Lester: I told you I'm putty in your hands.
Halley Reed: What am I gonna do with a handful of putty?
Halley Reed: [on the philosopher Lewis Levy] He was very eloquent on the subject of love, didn't you think?
Clifford Stern: I wish I had met him before I got married. It would've saved me a gall bladder operation.
Halley Reed: [about Lester]: He wants to produce something of mine.
Clifford Stern: Yeah. Your first child.
Sol Rosenthal: Whether it's the Bible or Shakespeare, murder will out!
Judah Rosenthal: Who said anything about murder?
Sol Rosenthal: You did.
Clifford Stern: I actually wrote you a love letter.
Halley Reed: I didn't get it.
Clifford Stern: It's probably just as well. I plagiarized most of it from James Joyce. You probably wondered why all the references to Dublin.
[Judah is telling Clifford about the murder, disguising it as an idea for a screenplay.]

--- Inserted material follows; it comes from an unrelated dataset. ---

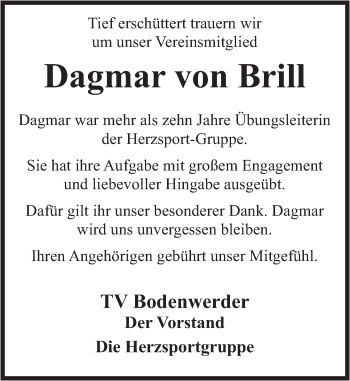 Traueranzeige von Dagmar von Brill von Deister- und Weserzeitung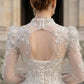 White Lace V-Neck Long Sleeve Ball Gown Wedding Dress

Judah Rosenthal: And after the awful deed is done, he finds that he's plagued by deep-rooted guilt. Little sparks of his religious background, which he'd rejected, are suddenly stirred up. He hears his father's voice. He imagines that God is watching his every move. Suddenly, it's not an empty universe at all, but a just and moral one, and he's violated it. Now, he's panic-stricken. He's on the verge of a mental collapse, an inch away from confessing the whole thing to the police. And then one morning, he awakens. The sun is shining, his family is around him and mysteriously, the crisis has lifted. He takes his family on a vacation to Europe and as the months pass, he finds he's not punished. In fact, he prospers. The killing gets attributed to another person — a drifter who has a number of other murders to his credit, so I mean, what the hell? One more doesn't even matter. Now he's scott-free. His life is completely back to normal. Back to his protected world of wealth and privilege.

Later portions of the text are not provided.